Im Oktober hat der Autor Christoph Werner den Regionalkrimi „Die Toten vom Saalestrand“ gemeinsam mit dem Verlag emons: herausgebracht. Der Titel und das Cover passen gut zur Geschichte und in das Genre.
In Halle an der Saale kommt es zu einem grausamen Doppelmord. Zwei Männer werden gefesselt und mit Wasser übergossen der eisigen Kälte ausgesetzt. Der Klempner Rob und die Ex-Hauptkommissarin Mona folgen der Frage, wer für diese Grausamkeit verantwortlich ist. Und sie fragen sich, was haben die beiden Männer verbrochen. Rob und Mona stoßen bei ihren Ermittlungen auf viele unschöne Dinge und begeben sich tief in die DDR-Geschichte.

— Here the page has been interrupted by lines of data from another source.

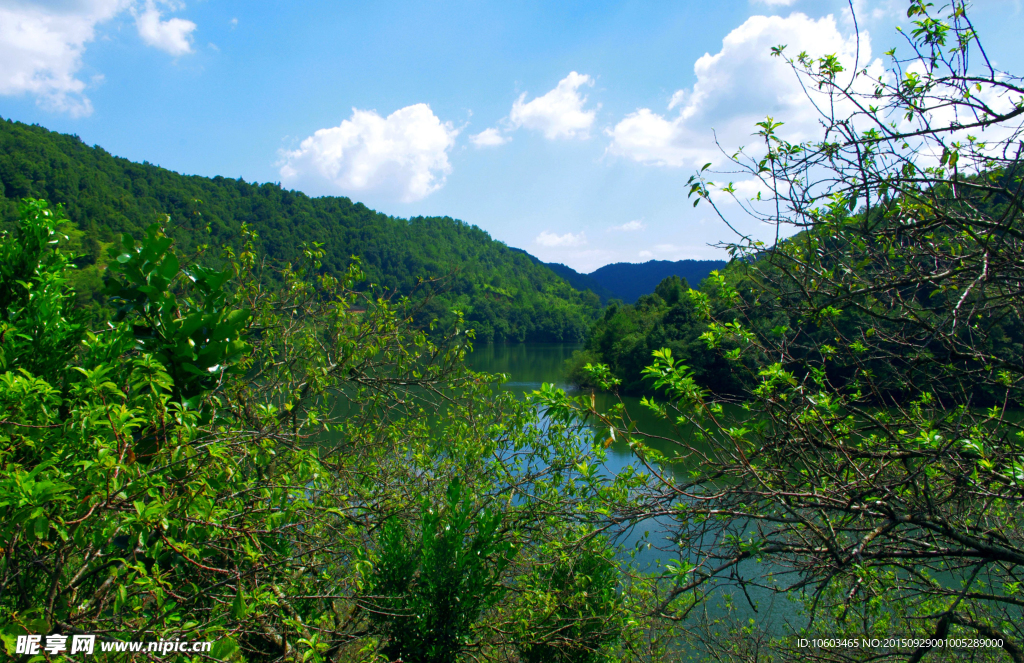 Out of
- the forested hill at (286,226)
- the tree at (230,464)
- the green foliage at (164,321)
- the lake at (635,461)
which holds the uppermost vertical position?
the forested hill at (286,226)

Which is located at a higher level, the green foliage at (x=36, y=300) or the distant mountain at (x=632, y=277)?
the distant mountain at (x=632, y=277)

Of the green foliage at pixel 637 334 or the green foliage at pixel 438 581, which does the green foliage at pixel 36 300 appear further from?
the green foliage at pixel 637 334

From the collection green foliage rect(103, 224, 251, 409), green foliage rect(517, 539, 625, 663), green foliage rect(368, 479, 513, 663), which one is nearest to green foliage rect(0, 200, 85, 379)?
green foliage rect(103, 224, 251, 409)

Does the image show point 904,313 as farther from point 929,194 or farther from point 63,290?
point 63,290

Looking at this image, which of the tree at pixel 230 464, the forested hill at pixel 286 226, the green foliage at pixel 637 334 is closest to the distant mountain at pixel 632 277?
the forested hill at pixel 286 226

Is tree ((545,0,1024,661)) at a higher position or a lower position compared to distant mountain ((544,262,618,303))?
lower

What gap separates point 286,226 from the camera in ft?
94.1

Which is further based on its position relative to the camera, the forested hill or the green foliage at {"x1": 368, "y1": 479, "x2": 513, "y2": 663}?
the forested hill

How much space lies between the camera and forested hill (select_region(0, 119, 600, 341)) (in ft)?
38.1

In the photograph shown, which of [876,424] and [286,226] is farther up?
[286,226]

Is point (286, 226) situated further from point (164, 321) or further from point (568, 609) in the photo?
point (164, 321)

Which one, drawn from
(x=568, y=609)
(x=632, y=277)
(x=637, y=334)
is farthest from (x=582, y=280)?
(x=568, y=609)

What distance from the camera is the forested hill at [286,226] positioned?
1160cm

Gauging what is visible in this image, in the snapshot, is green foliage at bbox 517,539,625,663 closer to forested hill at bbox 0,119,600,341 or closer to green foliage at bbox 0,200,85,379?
forested hill at bbox 0,119,600,341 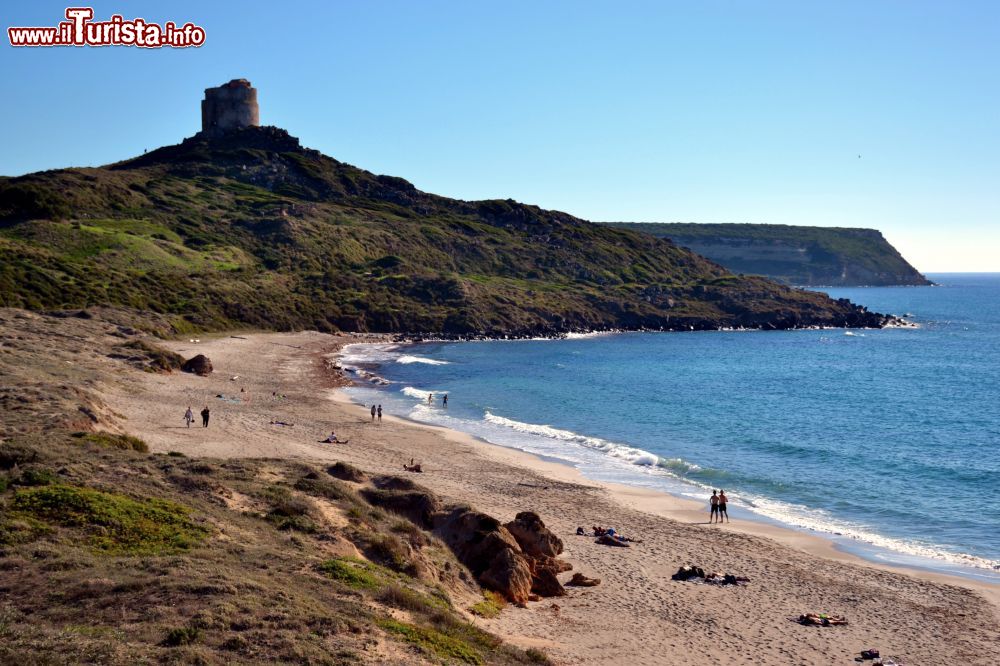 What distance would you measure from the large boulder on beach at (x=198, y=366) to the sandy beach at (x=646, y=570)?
27.8 feet

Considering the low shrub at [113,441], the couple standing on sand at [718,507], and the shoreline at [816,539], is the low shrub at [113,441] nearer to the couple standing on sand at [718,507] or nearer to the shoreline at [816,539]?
the shoreline at [816,539]

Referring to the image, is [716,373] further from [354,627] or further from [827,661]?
[354,627]

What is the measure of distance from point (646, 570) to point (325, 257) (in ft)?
314

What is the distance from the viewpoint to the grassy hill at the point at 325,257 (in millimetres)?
83562

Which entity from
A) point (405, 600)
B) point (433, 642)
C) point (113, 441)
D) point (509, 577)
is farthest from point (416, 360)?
point (433, 642)

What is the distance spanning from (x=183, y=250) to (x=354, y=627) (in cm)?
9264

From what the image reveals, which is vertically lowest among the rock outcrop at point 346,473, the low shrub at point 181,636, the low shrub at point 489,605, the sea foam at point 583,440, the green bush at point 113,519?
the sea foam at point 583,440

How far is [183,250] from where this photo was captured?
97812 millimetres

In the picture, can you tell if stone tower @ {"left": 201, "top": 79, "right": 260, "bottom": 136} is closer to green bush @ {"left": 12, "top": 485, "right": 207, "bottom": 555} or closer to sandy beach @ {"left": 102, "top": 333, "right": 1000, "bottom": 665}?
sandy beach @ {"left": 102, "top": 333, "right": 1000, "bottom": 665}

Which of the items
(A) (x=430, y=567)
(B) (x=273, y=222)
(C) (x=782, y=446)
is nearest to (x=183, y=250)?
(B) (x=273, y=222)

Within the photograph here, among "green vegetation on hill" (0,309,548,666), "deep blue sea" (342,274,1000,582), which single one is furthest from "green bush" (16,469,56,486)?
"deep blue sea" (342,274,1000,582)

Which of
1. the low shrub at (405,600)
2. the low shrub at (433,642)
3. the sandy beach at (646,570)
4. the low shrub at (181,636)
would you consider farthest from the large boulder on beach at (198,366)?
the low shrub at (181,636)

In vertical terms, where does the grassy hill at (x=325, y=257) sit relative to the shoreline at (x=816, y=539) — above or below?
above

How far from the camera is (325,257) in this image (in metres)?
113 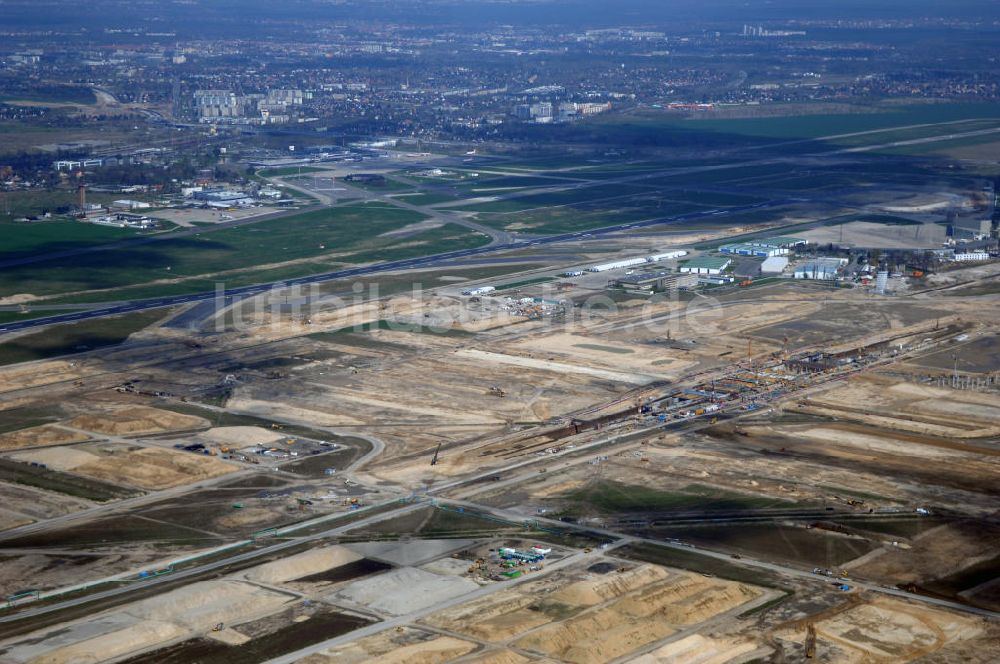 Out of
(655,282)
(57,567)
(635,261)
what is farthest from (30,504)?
(635,261)

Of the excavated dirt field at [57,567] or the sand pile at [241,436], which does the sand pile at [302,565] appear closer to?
the excavated dirt field at [57,567]

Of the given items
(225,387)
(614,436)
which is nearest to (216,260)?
(225,387)

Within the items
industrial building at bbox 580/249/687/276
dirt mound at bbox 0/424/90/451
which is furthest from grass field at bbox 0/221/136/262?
dirt mound at bbox 0/424/90/451

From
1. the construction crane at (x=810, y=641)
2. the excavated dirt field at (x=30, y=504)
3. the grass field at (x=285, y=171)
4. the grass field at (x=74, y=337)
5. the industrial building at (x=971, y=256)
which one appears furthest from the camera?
the grass field at (x=285, y=171)

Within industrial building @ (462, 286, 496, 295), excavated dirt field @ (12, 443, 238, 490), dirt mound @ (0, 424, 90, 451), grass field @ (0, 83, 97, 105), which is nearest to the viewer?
excavated dirt field @ (12, 443, 238, 490)


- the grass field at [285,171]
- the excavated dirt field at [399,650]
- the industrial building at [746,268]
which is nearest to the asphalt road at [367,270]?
the industrial building at [746,268]

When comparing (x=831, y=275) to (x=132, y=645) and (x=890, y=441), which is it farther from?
(x=132, y=645)

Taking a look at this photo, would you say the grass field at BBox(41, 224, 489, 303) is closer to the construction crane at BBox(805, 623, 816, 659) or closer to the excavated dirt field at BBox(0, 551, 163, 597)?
the excavated dirt field at BBox(0, 551, 163, 597)

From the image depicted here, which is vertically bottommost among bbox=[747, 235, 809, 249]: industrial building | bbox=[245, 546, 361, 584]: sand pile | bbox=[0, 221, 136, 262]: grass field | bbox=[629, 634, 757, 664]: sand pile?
bbox=[0, 221, 136, 262]: grass field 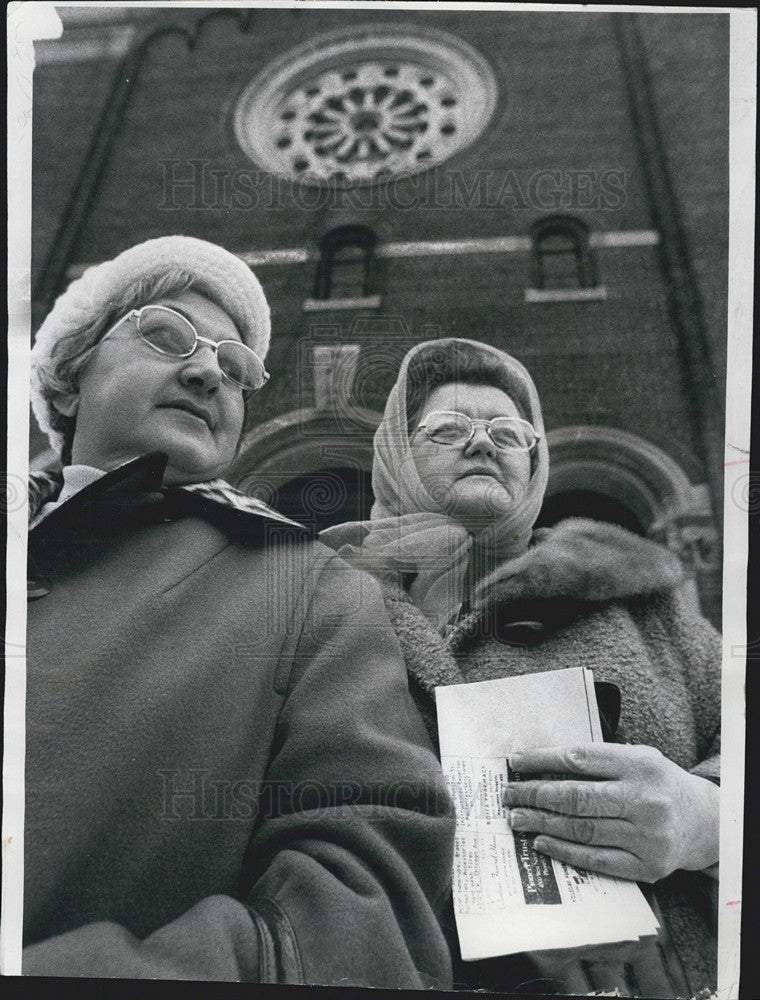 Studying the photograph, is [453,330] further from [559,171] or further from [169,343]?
[169,343]

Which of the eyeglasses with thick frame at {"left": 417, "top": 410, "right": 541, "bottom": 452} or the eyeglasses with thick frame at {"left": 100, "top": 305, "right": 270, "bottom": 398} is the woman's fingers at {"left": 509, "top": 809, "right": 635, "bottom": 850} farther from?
the eyeglasses with thick frame at {"left": 100, "top": 305, "right": 270, "bottom": 398}

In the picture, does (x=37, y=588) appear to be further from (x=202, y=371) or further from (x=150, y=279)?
(x=150, y=279)

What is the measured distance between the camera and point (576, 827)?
7.13ft

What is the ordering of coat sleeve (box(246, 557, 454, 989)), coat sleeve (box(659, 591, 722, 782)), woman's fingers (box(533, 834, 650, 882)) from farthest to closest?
1. coat sleeve (box(659, 591, 722, 782))
2. woman's fingers (box(533, 834, 650, 882))
3. coat sleeve (box(246, 557, 454, 989))

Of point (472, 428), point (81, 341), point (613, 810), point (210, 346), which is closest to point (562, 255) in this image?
point (472, 428)

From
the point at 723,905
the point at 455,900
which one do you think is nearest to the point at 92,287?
the point at 455,900

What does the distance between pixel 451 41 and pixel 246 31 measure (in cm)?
55

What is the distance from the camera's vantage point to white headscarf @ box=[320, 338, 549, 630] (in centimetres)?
231

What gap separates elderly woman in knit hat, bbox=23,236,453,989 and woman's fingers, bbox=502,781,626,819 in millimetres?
218

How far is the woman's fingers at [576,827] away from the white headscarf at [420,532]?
1.65ft

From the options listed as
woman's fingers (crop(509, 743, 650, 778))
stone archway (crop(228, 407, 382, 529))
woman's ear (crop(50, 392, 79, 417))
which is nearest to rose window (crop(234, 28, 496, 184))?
stone archway (crop(228, 407, 382, 529))

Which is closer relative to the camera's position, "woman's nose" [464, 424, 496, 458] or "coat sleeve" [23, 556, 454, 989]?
"coat sleeve" [23, 556, 454, 989]

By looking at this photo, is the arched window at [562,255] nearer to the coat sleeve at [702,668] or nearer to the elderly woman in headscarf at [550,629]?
Answer: the elderly woman in headscarf at [550,629]

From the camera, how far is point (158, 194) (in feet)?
8.02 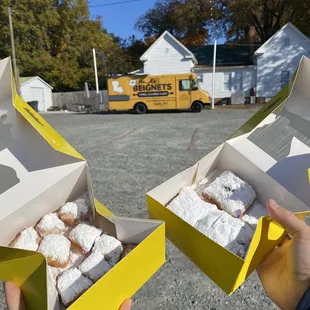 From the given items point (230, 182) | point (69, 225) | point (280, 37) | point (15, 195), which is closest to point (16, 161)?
point (15, 195)

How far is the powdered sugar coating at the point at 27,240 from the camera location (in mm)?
1202

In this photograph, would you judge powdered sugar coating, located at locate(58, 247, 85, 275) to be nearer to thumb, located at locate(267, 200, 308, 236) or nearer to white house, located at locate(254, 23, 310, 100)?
thumb, located at locate(267, 200, 308, 236)

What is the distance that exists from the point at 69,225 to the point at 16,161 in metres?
0.35

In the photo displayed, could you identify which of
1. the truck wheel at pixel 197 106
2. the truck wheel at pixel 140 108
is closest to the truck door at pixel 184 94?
the truck wheel at pixel 197 106

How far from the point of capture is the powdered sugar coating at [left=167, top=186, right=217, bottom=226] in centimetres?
121

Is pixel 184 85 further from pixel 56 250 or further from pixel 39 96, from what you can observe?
pixel 56 250

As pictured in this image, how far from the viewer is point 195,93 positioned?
56.2 ft

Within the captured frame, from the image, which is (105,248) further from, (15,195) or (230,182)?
(230,182)

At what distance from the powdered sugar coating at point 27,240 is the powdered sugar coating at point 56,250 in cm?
4

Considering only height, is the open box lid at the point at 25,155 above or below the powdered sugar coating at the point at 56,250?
above

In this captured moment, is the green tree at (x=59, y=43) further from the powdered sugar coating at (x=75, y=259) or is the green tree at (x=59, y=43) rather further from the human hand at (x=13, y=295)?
the human hand at (x=13, y=295)

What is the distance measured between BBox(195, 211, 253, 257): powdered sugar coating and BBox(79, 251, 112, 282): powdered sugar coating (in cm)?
36

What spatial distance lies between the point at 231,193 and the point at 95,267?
62 centimetres

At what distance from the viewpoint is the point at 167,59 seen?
23281 millimetres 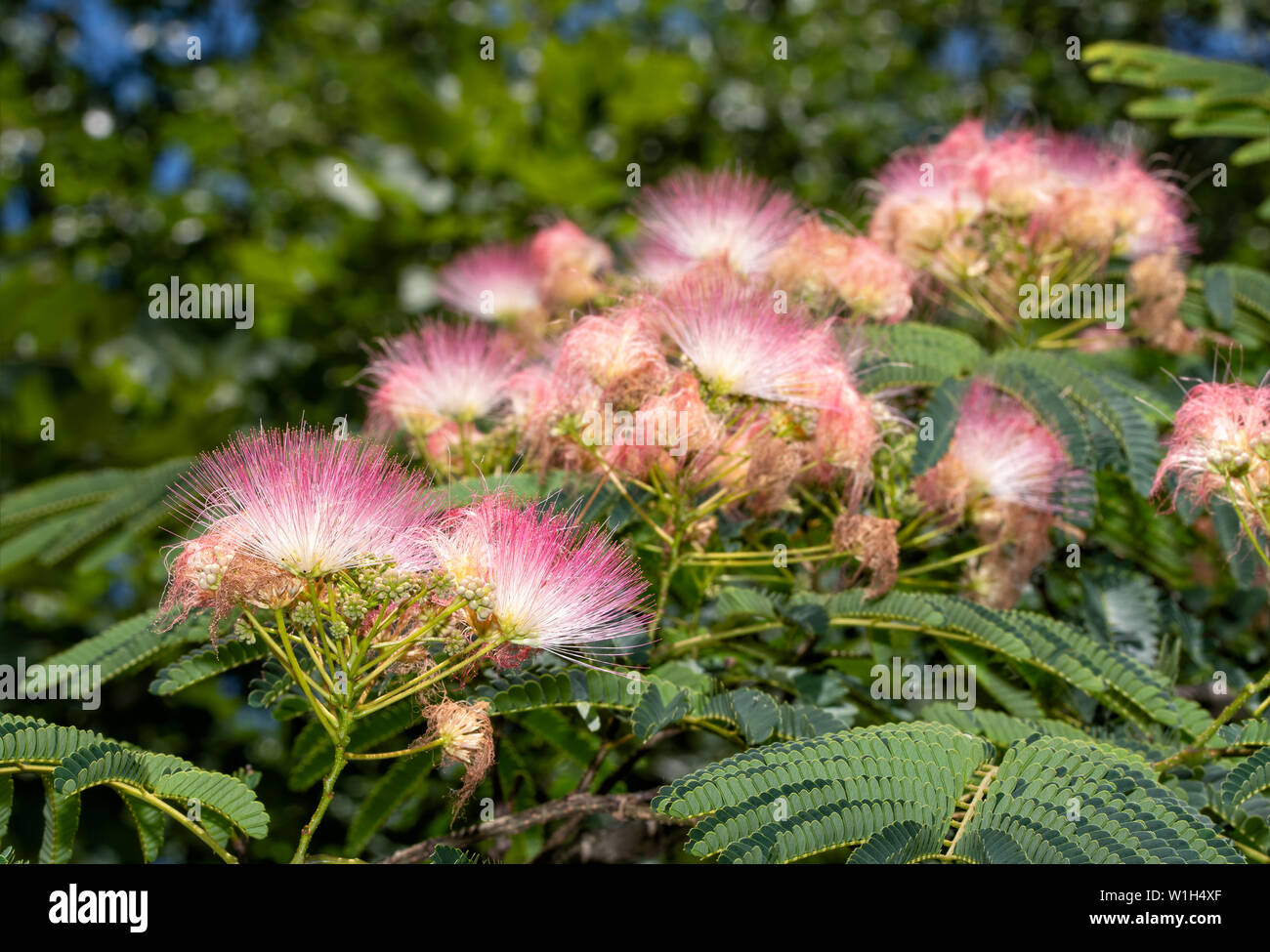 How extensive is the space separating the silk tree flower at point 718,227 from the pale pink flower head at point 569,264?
182mm

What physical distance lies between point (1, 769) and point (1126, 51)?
4.00 m

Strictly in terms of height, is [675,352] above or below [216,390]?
below

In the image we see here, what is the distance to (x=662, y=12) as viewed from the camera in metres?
8.42

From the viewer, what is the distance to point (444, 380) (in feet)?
9.20

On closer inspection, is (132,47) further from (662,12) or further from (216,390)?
(662,12)

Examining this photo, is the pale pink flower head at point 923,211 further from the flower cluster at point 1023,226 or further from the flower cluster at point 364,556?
the flower cluster at point 364,556

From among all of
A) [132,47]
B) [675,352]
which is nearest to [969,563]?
[675,352]

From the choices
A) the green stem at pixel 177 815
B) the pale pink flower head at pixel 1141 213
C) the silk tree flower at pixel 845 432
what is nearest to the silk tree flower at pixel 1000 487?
the silk tree flower at pixel 845 432

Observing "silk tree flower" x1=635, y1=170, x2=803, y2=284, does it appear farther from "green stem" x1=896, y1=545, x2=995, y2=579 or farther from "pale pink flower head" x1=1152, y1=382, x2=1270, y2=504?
"pale pink flower head" x1=1152, y1=382, x2=1270, y2=504

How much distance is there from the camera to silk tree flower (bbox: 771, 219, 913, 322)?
9.65 feet

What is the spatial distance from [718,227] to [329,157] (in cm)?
547

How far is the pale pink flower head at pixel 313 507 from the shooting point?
1.81 metres

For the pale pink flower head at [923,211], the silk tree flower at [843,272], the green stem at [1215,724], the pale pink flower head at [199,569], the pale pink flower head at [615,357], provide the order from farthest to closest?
1. the pale pink flower head at [923,211]
2. the silk tree flower at [843,272]
3. the pale pink flower head at [615,357]
4. the green stem at [1215,724]
5. the pale pink flower head at [199,569]

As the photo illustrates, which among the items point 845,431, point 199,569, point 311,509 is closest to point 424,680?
point 311,509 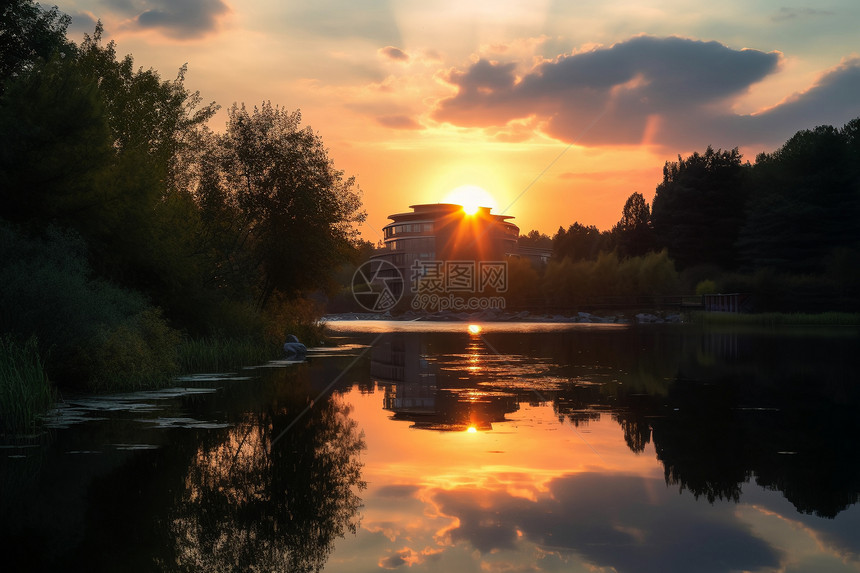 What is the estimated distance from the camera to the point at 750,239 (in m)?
92.8

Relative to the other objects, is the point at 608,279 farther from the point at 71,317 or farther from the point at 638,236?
the point at 71,317

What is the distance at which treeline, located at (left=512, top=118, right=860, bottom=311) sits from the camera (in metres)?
81.9

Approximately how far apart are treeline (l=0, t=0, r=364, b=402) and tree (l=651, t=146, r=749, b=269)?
69916mm

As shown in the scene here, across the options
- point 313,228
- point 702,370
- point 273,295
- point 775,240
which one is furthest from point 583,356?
point 775,240

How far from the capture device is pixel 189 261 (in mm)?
29266

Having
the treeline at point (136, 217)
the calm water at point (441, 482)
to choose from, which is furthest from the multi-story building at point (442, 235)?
the calm water at point (441, 482)

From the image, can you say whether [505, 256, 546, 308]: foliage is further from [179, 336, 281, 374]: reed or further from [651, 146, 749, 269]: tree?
[179, 336, 281, 374]: reed

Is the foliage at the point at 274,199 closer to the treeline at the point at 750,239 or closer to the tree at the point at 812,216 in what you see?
the treeline at the point at 750,239

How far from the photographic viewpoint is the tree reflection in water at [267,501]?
720cm

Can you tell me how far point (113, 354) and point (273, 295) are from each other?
23348mm

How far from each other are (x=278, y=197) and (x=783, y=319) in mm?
53754

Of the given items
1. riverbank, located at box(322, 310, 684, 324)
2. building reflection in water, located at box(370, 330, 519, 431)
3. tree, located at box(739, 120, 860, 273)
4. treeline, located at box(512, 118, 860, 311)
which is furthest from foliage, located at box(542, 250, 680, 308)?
building reflection in water, located at box(370, 330, 519, 431)

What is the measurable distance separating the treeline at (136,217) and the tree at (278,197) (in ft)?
0.23

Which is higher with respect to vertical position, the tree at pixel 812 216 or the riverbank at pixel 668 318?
the tree at pixel 812 216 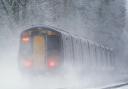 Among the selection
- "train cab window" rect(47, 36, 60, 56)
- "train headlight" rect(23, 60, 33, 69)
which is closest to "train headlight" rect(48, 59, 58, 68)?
"train cab window" rect(47, 36, 60, 56)

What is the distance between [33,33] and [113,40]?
133ft

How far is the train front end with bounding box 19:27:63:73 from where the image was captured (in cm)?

Vom ersten bis zum letzten Buchstaben ist die Geschichte unglaublich spannend. Mit seinem leicht zu lesenden Schreibstil hat Christoph Werner mich mit nur wenigen Sätzen mit nach Halle an der Saale genommen. Geschickt führt er mich durch seinen Kriminalroman und lässt mich regelmäßig zweifeln. Immer wieder frage ich mich, was ist denn jetzt richtig? Was macht Rob? Wird er von Mona manipuliert? Oder ist alles ganz anders? Für mich sind das die Kernfragen rund um den stets spannenden Kriminalfall, der sich immer wieder dreht und wendet. Spannung kommt hier nicht zu kurz und diese Geschichte hat es in sich.
Alles in allem hat Christoph Werner mit „Die Toten vom Saalestrand“ einen Regionalkrimi auf den Büchermarkt gebracht, den es sich zu lesen lohnt. Wer Lust auf ein paar spannende Lesestunden, eine Geschichte mit vielen Wendungen und einen Ausflug in die deutsch-deutsche Geschichte hat, der ist hier richtig. Von mir bekommt der Autor 5 verdiente Lesesterne und eine kriminell gute Leseempfehlung.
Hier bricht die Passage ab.